De retour de Belgrade, le journaliste François Ernenwein décrit une contestation grandissante et pacifique contre le président Aleksandar Vučić. À l’image des mouvements qui ont précédé la chute du Mur, une bascule semble en marche.
L’effondrement d’une gare à Novi Sad en novembre 2024, qui a fait 16 morts et révélé, aux yeux de nombreux Serbes, les ravages de la corruption et du clientélisme qui gangrènent l’État.
Au hasard de ses déambulations dans la capitale serbe, François Ernenwein a croisé « la face visible de la colère ». Une colère née d’un drame : l’effondrement d’une gare à Novi Sad en novembre 2024, qui a fait 16 morts et révélé, aux yeux de nombreux Serbes, les ravages de la corruption et du clientélisme qui gangrènent l’État.

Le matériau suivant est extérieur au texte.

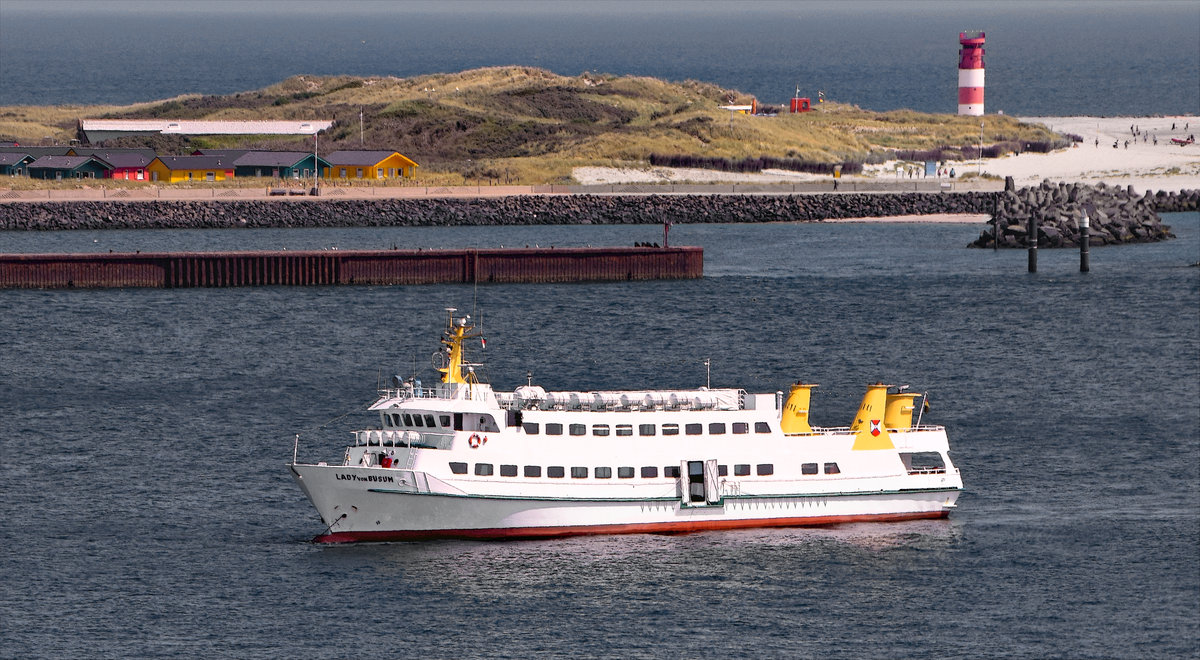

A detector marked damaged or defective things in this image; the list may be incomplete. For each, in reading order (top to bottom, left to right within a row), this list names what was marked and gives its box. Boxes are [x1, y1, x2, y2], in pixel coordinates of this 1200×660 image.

rusty steel seawall [0, 247, 700, 288]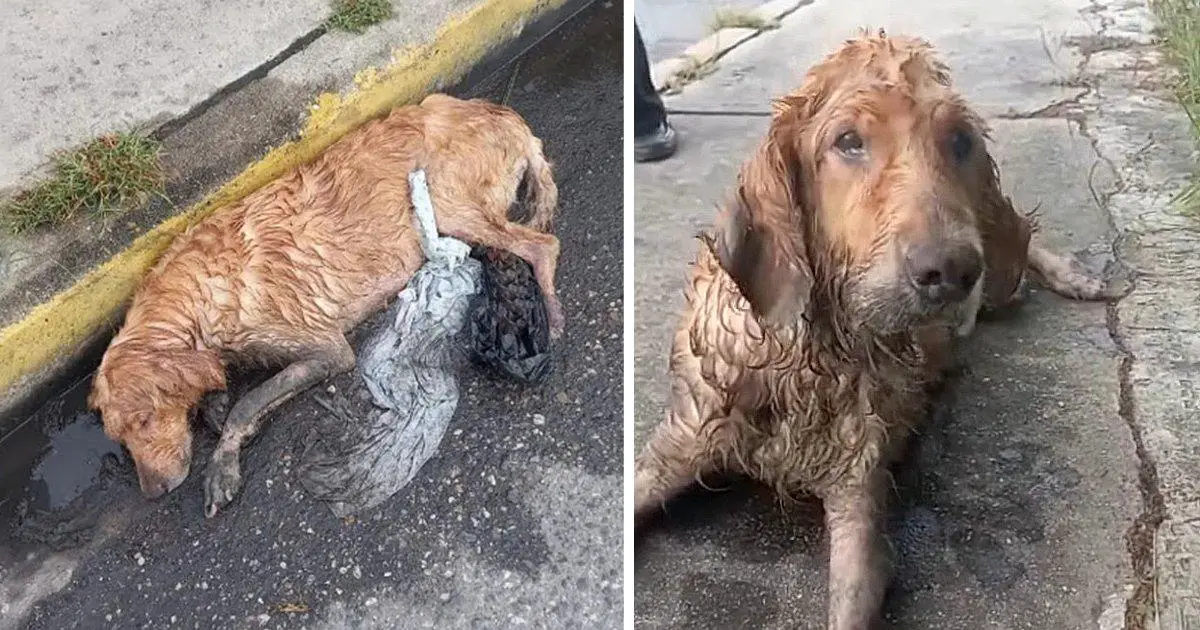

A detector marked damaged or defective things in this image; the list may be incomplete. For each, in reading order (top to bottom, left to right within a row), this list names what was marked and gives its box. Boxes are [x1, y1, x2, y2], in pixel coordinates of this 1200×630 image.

cracked pavement [633, 0, 1195, 624]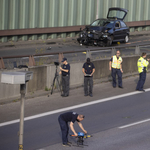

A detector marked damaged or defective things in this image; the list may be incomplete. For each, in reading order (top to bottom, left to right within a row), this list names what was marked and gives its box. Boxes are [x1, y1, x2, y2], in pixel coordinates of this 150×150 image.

damaged dark car [77, 7, 129, 46]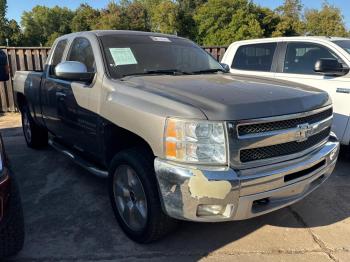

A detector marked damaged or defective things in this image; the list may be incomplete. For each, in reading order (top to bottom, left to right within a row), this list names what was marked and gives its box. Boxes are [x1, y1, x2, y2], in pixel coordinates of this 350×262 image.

cracked pavement [0, 114, 350, 262]
damaged front bumper [154, 136, 340, 222]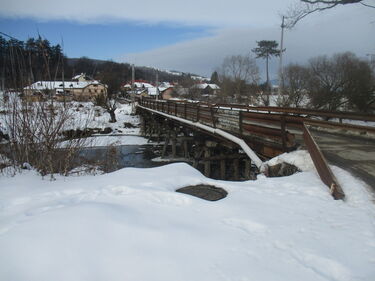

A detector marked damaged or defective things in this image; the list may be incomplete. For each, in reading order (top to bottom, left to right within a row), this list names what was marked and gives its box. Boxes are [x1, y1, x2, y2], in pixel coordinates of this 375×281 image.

rusty steel beam [304, 124, 346, 199]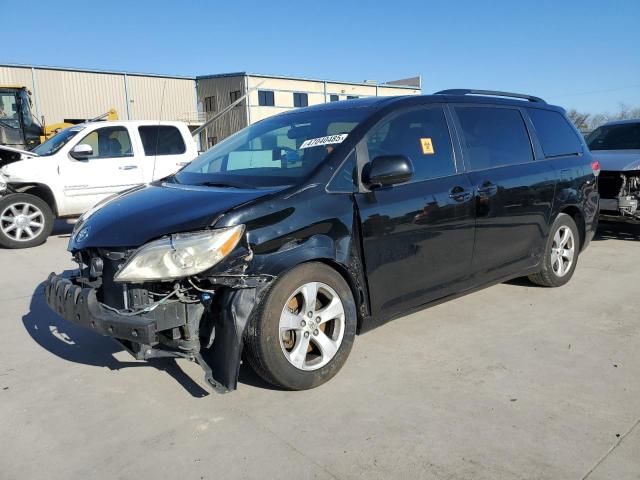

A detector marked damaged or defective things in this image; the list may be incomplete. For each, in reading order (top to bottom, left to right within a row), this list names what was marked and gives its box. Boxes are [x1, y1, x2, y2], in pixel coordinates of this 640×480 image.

dented hood [592, 151, 640, 173]
dented hood [67, 181, 282, 251]
broken headlight [114, 226, 244, 284]
detached bumper cover [43, 274, 185, 344]
damaged front bumper [45, 272, 262, 392]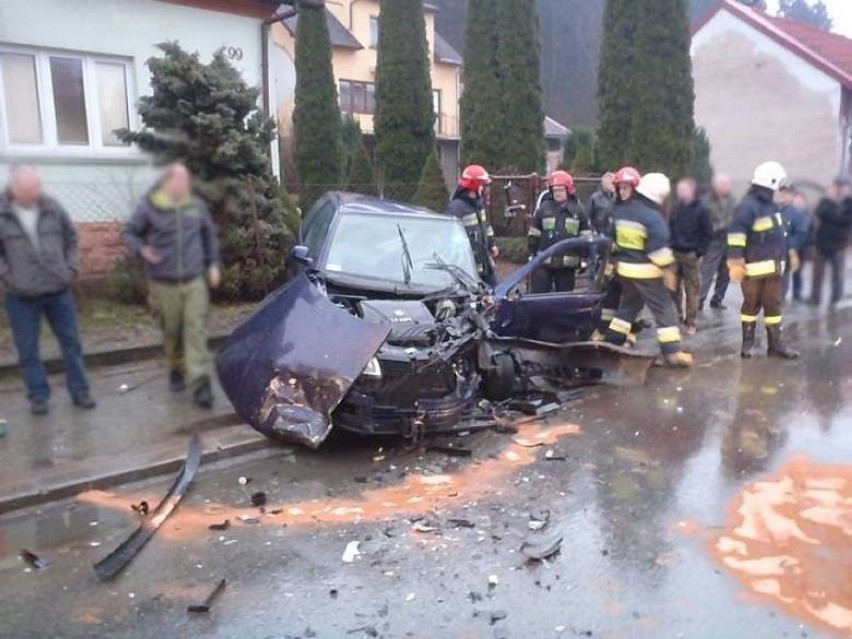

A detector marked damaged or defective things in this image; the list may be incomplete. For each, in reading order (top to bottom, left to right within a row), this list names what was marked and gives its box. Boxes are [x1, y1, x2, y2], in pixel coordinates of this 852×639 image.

detached car hood [220, 276, 392, 450]
broken headlight [362, 356, 382, 380]
shattered windshield [324, 211, 480, 288]
wrecked car [215, 192, 652, 448]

« C’est un mouvement joyeux, pacifique, résolu »
Élu sur une ligne nationaliste, Vučić est aujourd’hui accusé d’avoir verrouillé les institutions. En réponse, un mouvement étudiant, sans violence, rassemble chaque semaine des milliers de personnes dans tout le pays. Les revendications se sont élargies : d’une demande de transparence, elles ont évolué vers une exigence claire d’élections anticipées. « C’est un mouvement joyeux, pacifique, résolu », explique François Ernenwein.

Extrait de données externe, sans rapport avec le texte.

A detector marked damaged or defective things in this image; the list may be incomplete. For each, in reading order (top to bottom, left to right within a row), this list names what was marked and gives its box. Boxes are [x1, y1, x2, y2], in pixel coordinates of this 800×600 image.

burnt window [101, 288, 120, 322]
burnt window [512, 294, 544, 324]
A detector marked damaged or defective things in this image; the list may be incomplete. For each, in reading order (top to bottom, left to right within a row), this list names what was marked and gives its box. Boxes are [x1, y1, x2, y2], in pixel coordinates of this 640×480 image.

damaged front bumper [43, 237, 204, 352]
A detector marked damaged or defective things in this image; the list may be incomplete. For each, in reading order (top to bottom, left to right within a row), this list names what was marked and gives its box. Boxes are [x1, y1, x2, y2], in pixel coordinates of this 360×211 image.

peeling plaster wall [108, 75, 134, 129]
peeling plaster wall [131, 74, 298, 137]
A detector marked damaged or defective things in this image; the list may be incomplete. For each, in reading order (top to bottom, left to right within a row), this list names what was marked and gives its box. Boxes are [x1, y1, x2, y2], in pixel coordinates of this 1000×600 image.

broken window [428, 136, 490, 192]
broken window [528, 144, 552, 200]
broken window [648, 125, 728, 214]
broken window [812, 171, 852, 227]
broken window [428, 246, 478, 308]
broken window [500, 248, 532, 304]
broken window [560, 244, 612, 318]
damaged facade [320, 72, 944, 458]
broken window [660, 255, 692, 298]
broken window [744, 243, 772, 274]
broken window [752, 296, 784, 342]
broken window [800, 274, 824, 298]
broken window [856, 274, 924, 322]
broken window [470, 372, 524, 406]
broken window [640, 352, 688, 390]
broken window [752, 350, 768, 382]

Les jeunes, premières cibles de ce système fermé où « il faut être pistonné pour travailler », ont entraîné dans leur sillage une large part de la société. Le journaliste compare l’atmosphère actuelle à celle qu’il a vécue en URSS à la fin des années 80 : un « fruit mûr », prêt à tomber.
S’il reste prudent, il perçoit dans les rassemblements observés à Belgrade une dynamique irréversible : « La force de vie est du côté des manifestants, le pouvoir paraît sclérosé. » Face à une contestation aussi déterminée que non violente, « il sera difficile pour Vučić de résister durablement ».

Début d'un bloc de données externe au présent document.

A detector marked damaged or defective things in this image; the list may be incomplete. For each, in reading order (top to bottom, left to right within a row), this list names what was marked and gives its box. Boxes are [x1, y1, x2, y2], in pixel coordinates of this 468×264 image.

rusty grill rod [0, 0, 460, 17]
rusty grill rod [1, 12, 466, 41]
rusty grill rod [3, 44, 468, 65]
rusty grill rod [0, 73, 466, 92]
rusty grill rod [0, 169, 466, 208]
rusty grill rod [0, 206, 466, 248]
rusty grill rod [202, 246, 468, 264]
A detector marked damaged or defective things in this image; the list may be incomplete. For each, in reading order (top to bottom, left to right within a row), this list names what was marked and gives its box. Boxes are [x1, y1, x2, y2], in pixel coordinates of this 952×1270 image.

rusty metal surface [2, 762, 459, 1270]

- Qui est Aleksandar Vučić ?
Ancien ministre de l’Information sous le régime autoritaire de Slobodan Milošević dans les années 1990, Aleksandar Vučić a su se réinventer politiquement. Il fonde en 2008 le Parti progressiste serbe (SNS), à l’orientation conservatrice et nationaliste, et en devient la figure dominante. D’abord Premier ministre en 2014, il est élu président en 2017, puis réélu en 2022.
S’il a été salué à ses débuts pour sa volonté affichée de rapprochement avec l’Union européenne, son régime a progressivement dérivé vers l’autoritarisme. Accusé de contrôler les médias, de verrouiller les institutions et de tolérer une corruption endémique, Vučić est aujourd’hui critiqué pour avoir érigé un système clientéliste, où l’accès à l’emploi ou aux marchés publics passe par l’allégeance politique.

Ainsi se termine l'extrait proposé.